Re: [RFC] Filesystem error notifications proposal

Gabriel Krisman Bertazi <krisman@xxxxxxxxxxxxx> · Tue, 02 Feb 2021 15:51:55 -0500

Amir Goldstein <amir73il@xxxxxxxxx> writes:

>> I see.  But the visibility is of a watcher who can see an object, not
>> the application that caused the error.  The fact that the error happened
>> outside the context of the containerized process should not be a problem
>> here, right?  As long as the watcher is watching a mountpoint that can
>> reach the failed inode, that inode should be accessible to the watcher
>> and it should receive a notification. No?
>>
>
> No, because the mount/path is usually not available in file system
> internal context. Even in vfs, many operations have no mnt context,
> which is the reason that some fanotify event types are available for
> FAN_MARK_FILESYSTEM and not for FAN_MARK_MOUNT.
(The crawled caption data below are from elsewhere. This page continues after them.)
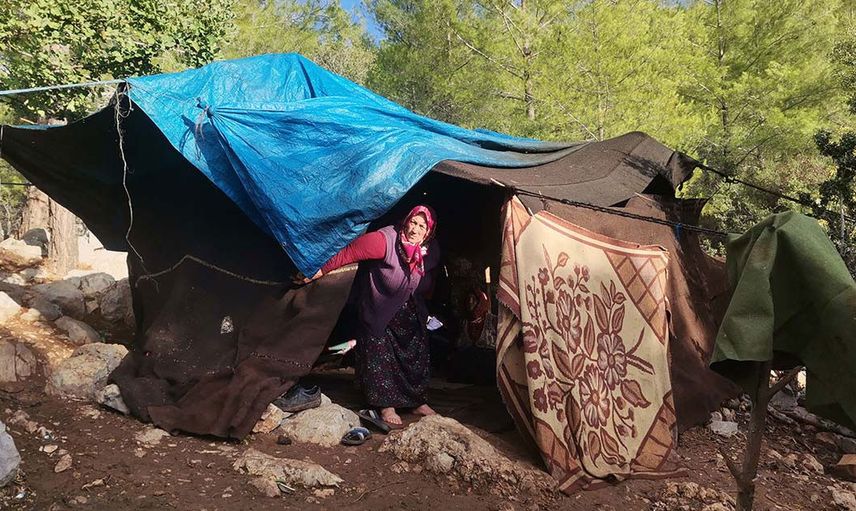 Yörük Kızı Müslüme Cinayetinde Kan Donduran İtiraf Anneanneden Geldi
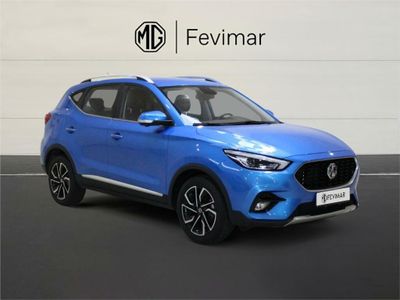 MG ZS 1.5 Luxury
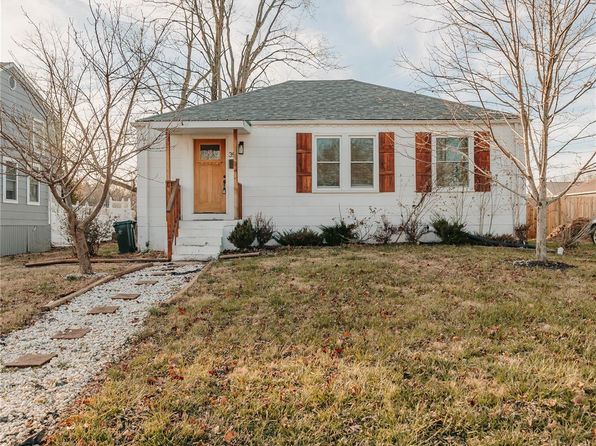 35 Green Acres Dr, Rolla, MO 65401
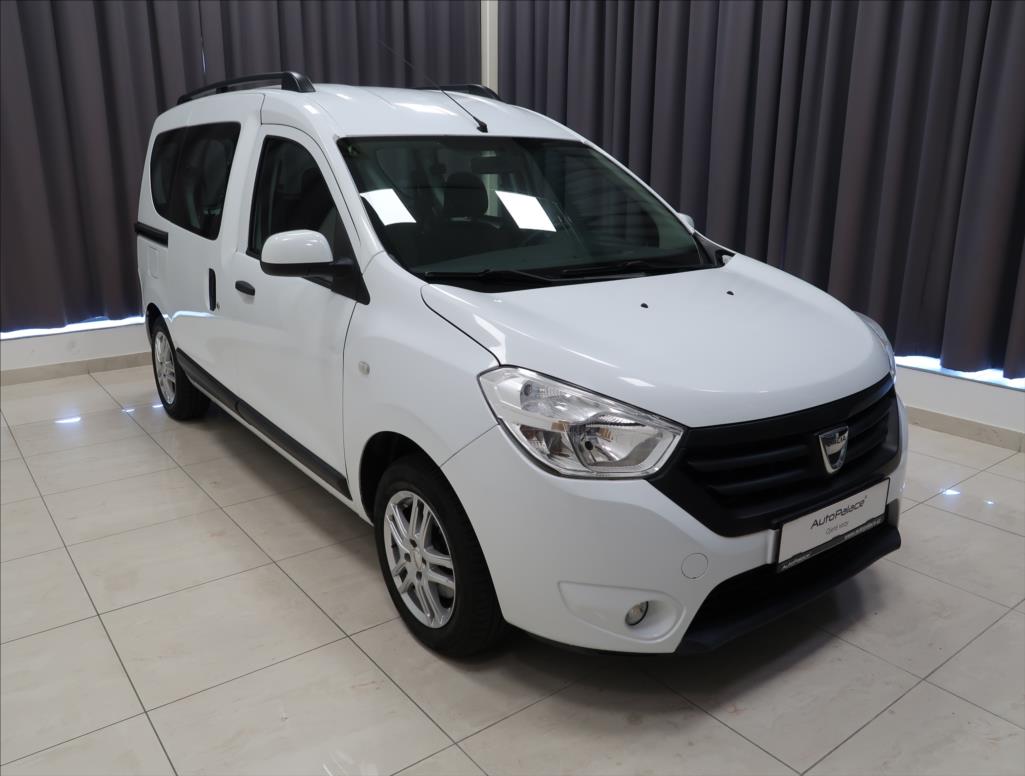 Dacia Dokker
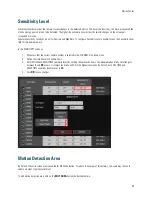 Preview for 52 page of i3 International VEO 16 Quick Operation Manual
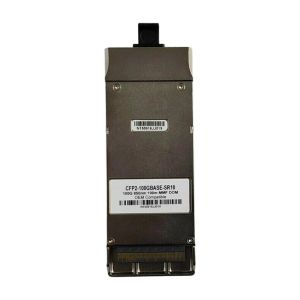 Juniper Networks CFP2-100GBASE-SR10 100GBASE-SR10 Ethernet only CFP2 pluggable module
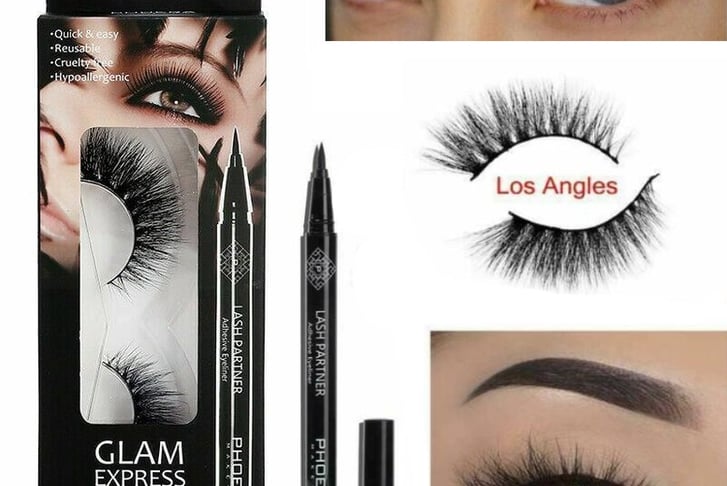 los angeles glam express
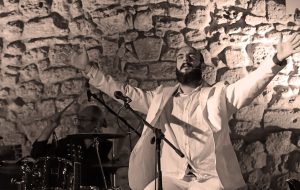 A Campo di Mare un omaggio a Domenico Modugno nel 32° anniversario della sua scomparsa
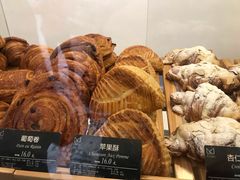 -老梦面包 CHEZMOREL(三源里店)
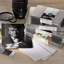 Hahnemühle Photo Rag Ultra Smooth Photo Cards 305gsm 10 x 15cm 30 Sheets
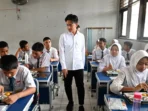 Program Makan Bergizi Gratis di Depok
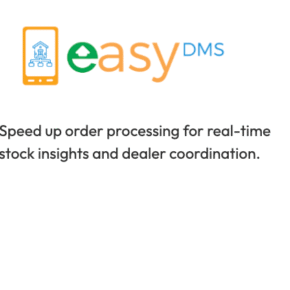 Speed up order processing for real-time stock insights and dealer coordination.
Hi Amir, thanks for the explanation.

> I understand the use case of monitoring a fleet of machines to know
> when some machine in the fleet has a corruption.
> I don't understand why the monitoring messages need to carry all the
> debugging info of that corruption.
>
> For corruption detection use case, it seems more logical to configure
> machines in the fleet to errors=remount-ro and then you'd only ever
> need to signal that a corruption was detected on a filesystem and the
> monitoring agent can access that machine to get more debugging
> info from dmesg or from filesystem recorded first/last error.
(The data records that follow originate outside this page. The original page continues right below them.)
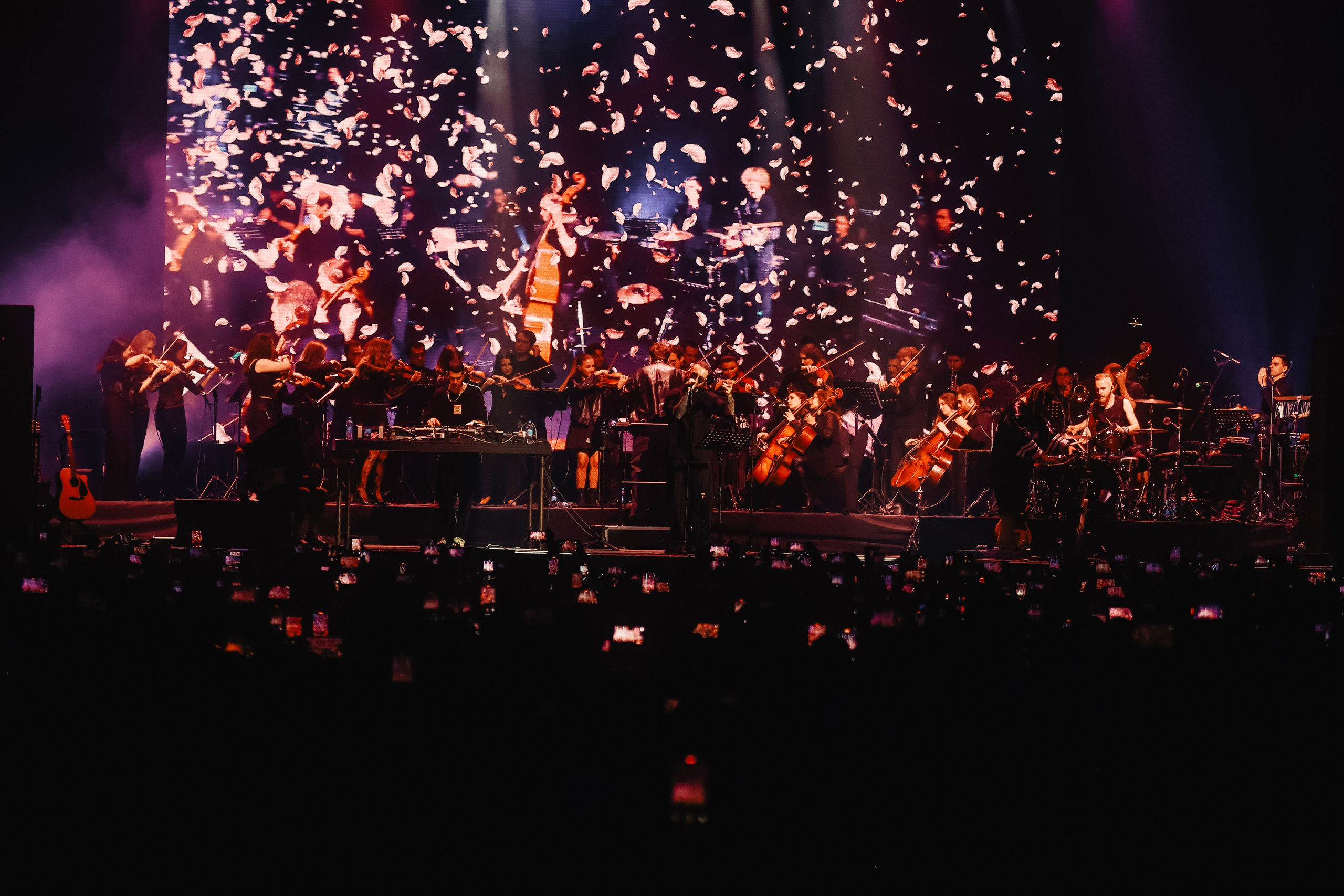 ЮБИЛЕЙНЫЙ ТУР BURITO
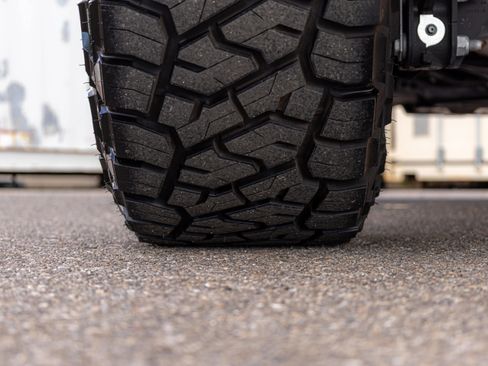 Used 2024 Ford Bronco Raptor image 40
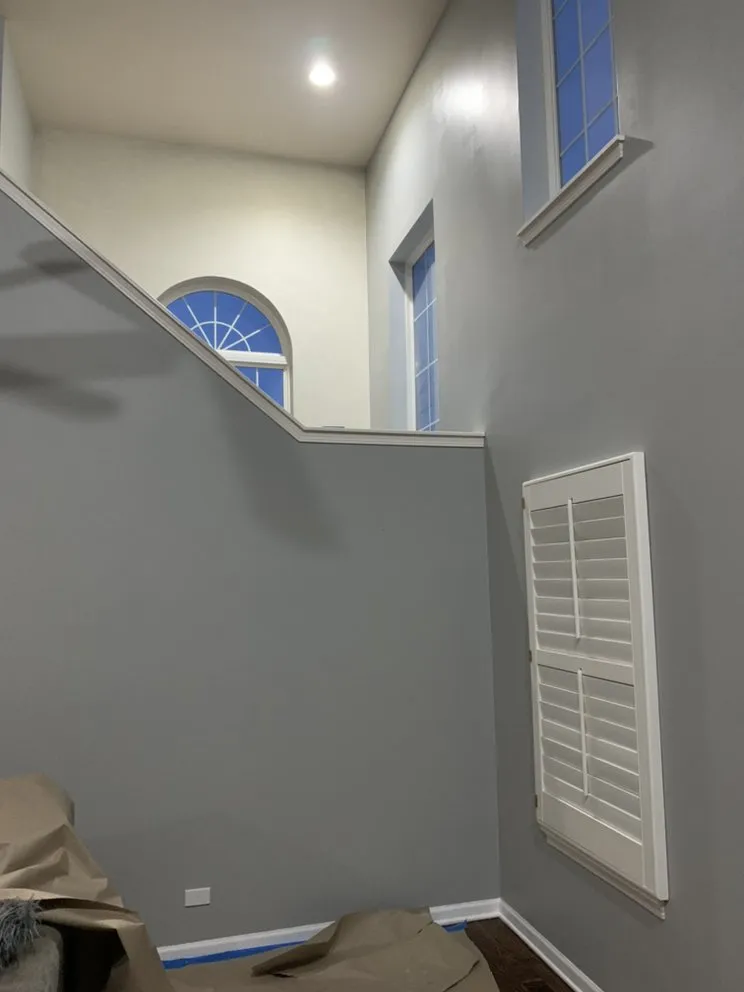 Slide of Long & Family Building Group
The main use-case, as Ted mentioned, is corruption detection in a bunch
of machines and, while allowing them to continue to operate if possible,
schedule the execution of repair tasks and/or data rebuilding of
specific files.  In fact, you are right, we don't need to provide enough
debug information, but the ext4 message, for instance would be
useful. This is more similar to my previous RFC at
https://lwn.net/Articles/839310/

There are other use cases requiring us to provide some more information, in
particular the place where the error was raised in the code and the type
of error, for pattern analysis. So just reporting corruption via sysfs,
for instance, wouldn't suffice.

> You may be able to avoid allocation in fanotify if a group keeps
> a pre-allocated "emergency" event, but you won't be able to
> avoid taking locks in fanotify. Even fsnotify takes srcu_read_lock
> and spin_lock in some cases, so you'd have to be carefull with the
> context you call fsnotify from.
>
> If you agree with my observation that filesystem can abort itself
> on corruption and keep the details internally, then the notification
> of a corrupted state can always be made from a safe context
> sometime after the corruption was detected, regardless of the
> context in which ext4_error() was called.
>
> IOW, if the real world use cases you have are reporting
> writeback errors and signalling that the filesystem entered a corrupted
> state, then fanotify might be the right tool for the job and you should
> have no need for variable size detailed event info.
> If you want a netoops equivalent reporting infrastructure, then
> you should probably use a different tool.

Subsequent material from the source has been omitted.